Stored items:

⟨

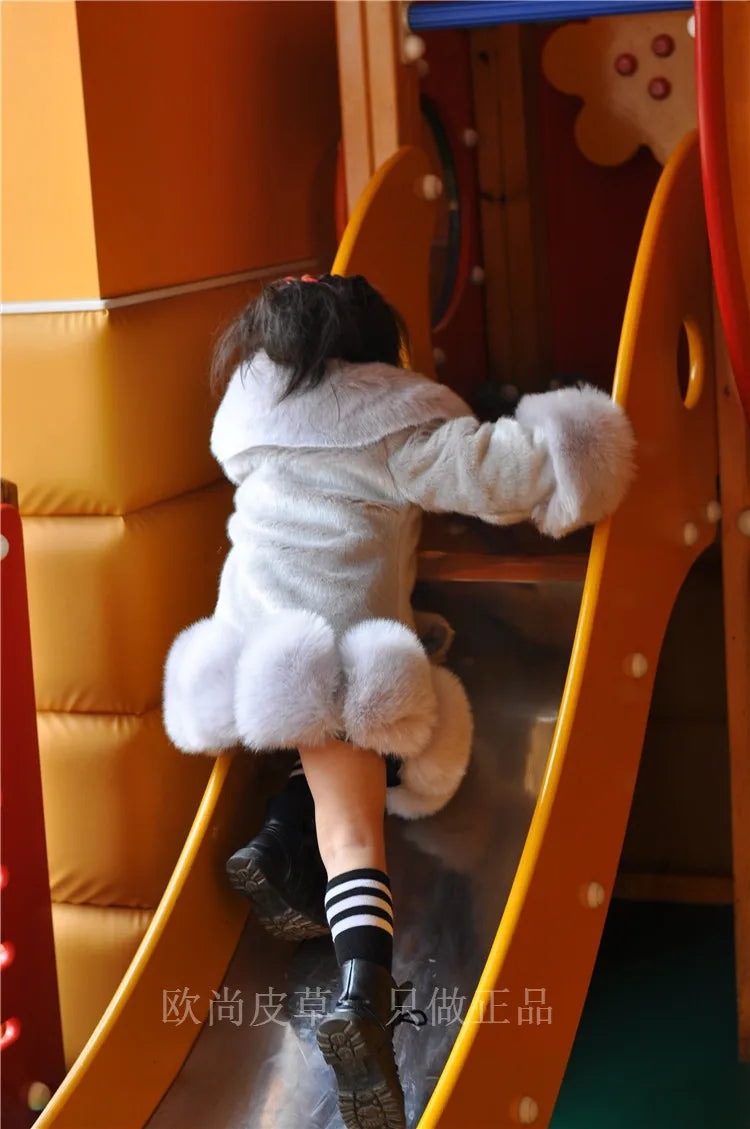 Winter Clothes for Girls 2023 New Kids Boutique Coat Thicken Korean Imitation Fur Autumn Fox Hair Cotton Warm Large Fur Collar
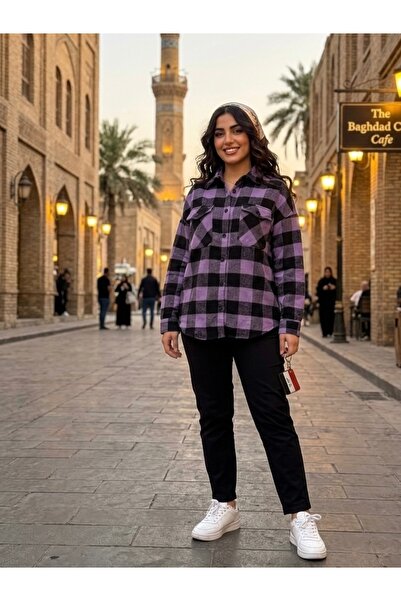 Polologin Butik Cămașă de lemnar mov și neagră în carouri supradimensionat – ...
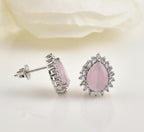6x4mm Pear Shape Pink CZ Halo Brass Stud Earrings
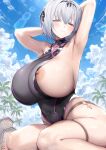  1girl absurdres alicia_renato_(yashiro_sousaku) armpits arms_behind_head arms_up bangs bare_arms blush breasts closed_mouth commentary_request commission covered_navel haoni heterochromia highres huge_breasts looking_at_viewer nipple_slip nipples one-piece_swimsuit original outdoors palm_tree red_eyes sideboob sky smile swimsuit thighlet tree yellow_eyes 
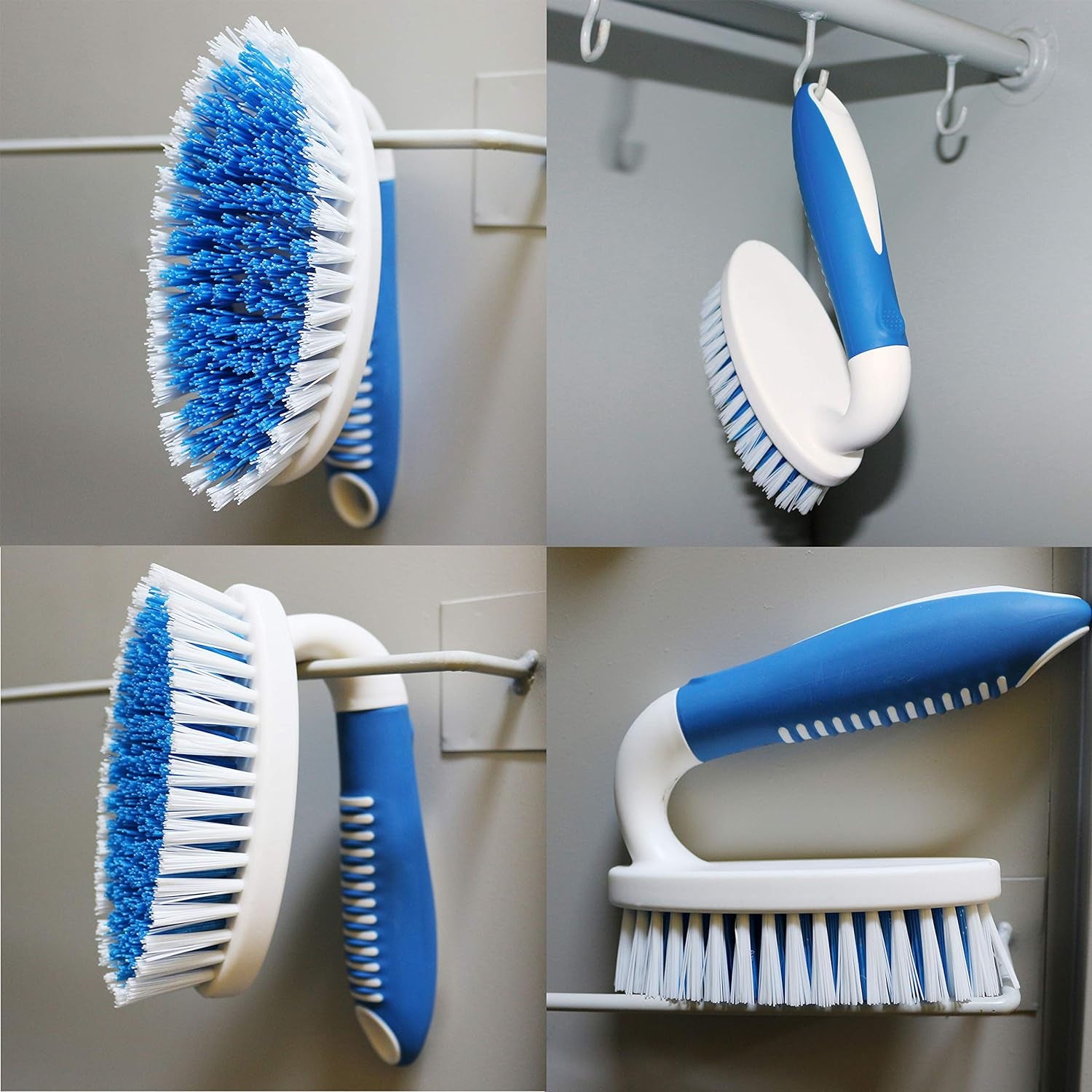 2-Pack Scrub Brushes – Stiff Bristle Cleaning Tools for Bathroom, Kitchen, Carpet & Tile.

⟩

> [What is needed]
Exact text is required for the lines from the one with "Polologin Butik Cămașă" through the last line of the entries, both included. Omit pictures.

> [Written answer]
 Polologin Butik Cămașă de lemnar mov și neagră în carouri supradimensionat – ...
6x4mm Pear Shape Pink CZ Halo Brass Stud Earrings
  1girl absurdres alicia_renato_(yashiro_sousaku) armpits arms_behind_head arms_up bangs bare_arms blush breasts closed_mouth commentary_request commission covered_navel haoni heterochromia highres huge_breasts looking_at_viewer nipple_slip nipples one-piece_swimsuit original outdoors palm_tree red_eyes sideboob sky smile swimsuit thighlet tree yellow_eyes 
 2-Pack Scrub Brushes – Stiff Bristle Cleaning Tools for Bathroom, Kitchen, Carpet & Tile.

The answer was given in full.